• [Work instruction]
Skip the pictures. Output only the lines below starting at the line with "Textured brass and seed earrings (job tear)" and ending at the line with "Innovation, communication, teamwork, technology, business", both ends included, exactly as they are.
[Opening Source material section]
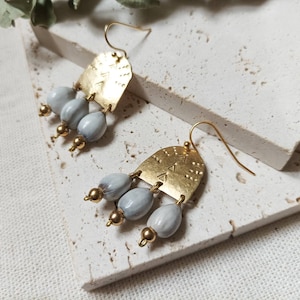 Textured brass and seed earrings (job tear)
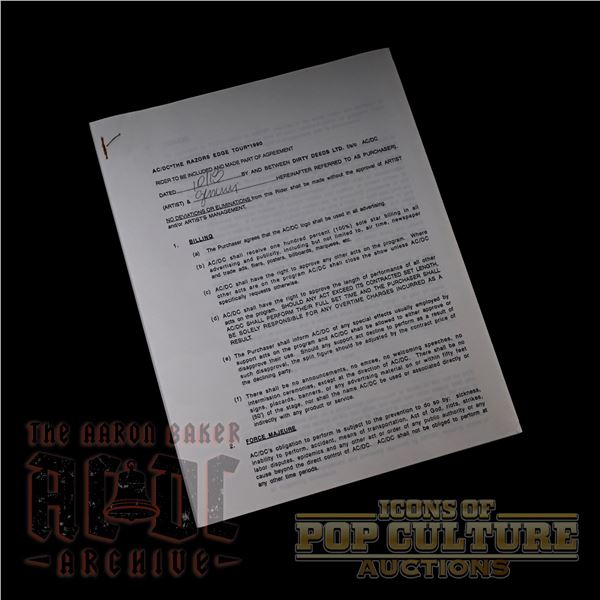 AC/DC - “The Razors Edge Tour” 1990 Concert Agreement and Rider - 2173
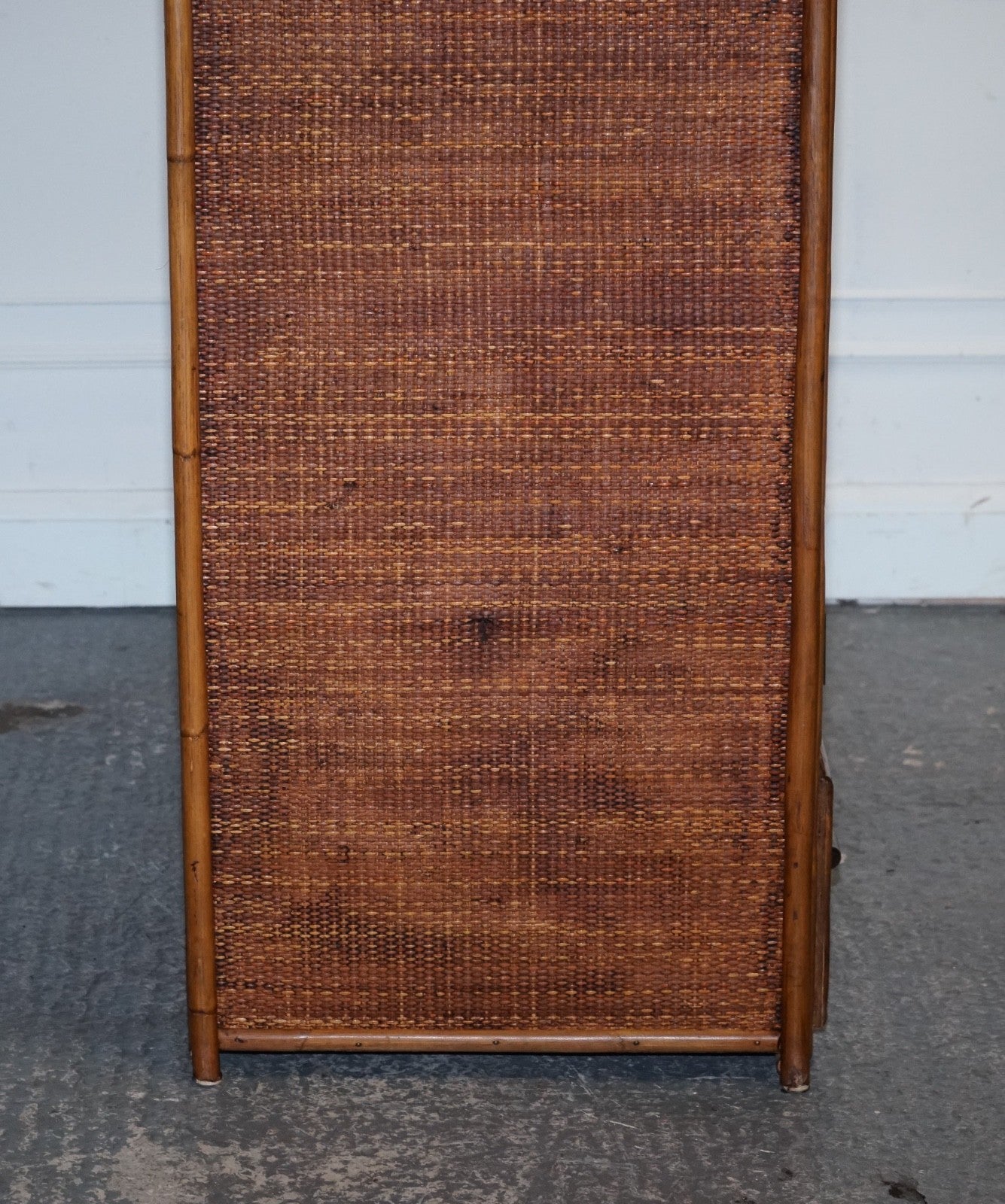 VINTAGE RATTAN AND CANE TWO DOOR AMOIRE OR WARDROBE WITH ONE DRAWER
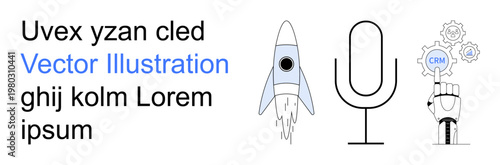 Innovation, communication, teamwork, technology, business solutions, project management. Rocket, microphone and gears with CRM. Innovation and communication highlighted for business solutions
[Closing Source material section]
[Opening Source material section]
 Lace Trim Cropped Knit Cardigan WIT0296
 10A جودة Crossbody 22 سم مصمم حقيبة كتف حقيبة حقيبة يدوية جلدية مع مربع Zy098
[Closing Source material section]
[Opening Source material section]
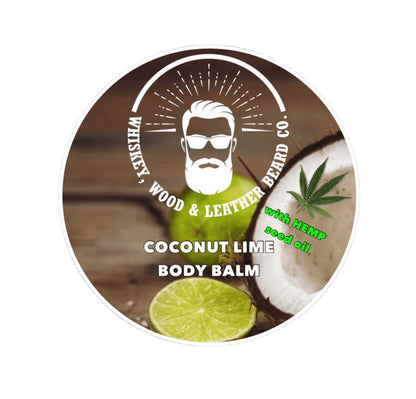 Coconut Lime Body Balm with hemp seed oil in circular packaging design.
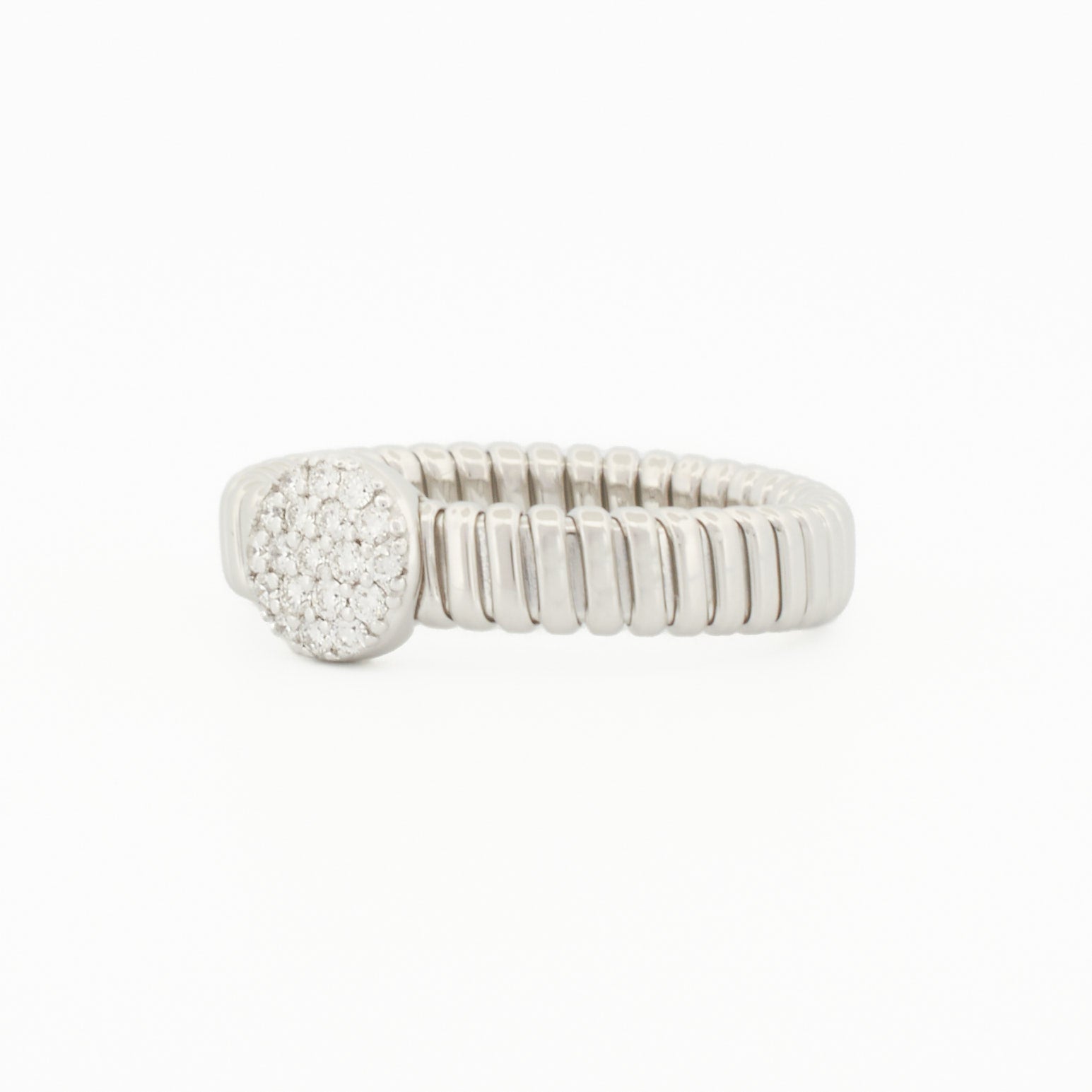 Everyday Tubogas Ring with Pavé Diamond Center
[Closing Source material section]
• [Response to this task]
 Textured brass and seed earrings (job tear)
 AC/DC - “The Razors Edge Tour” 1990 Concert Agreement and Rider - 2173
 VINTAGE RATTAN AND CANE TWO DOOR AMOIRE OR WARDROBE WITH ONE DRAWER
 Innovation, communication, teamwork, technology, business solutions, project management. Rocket, microphone and gears with CRM. Innovation and communication highlighted for business solutions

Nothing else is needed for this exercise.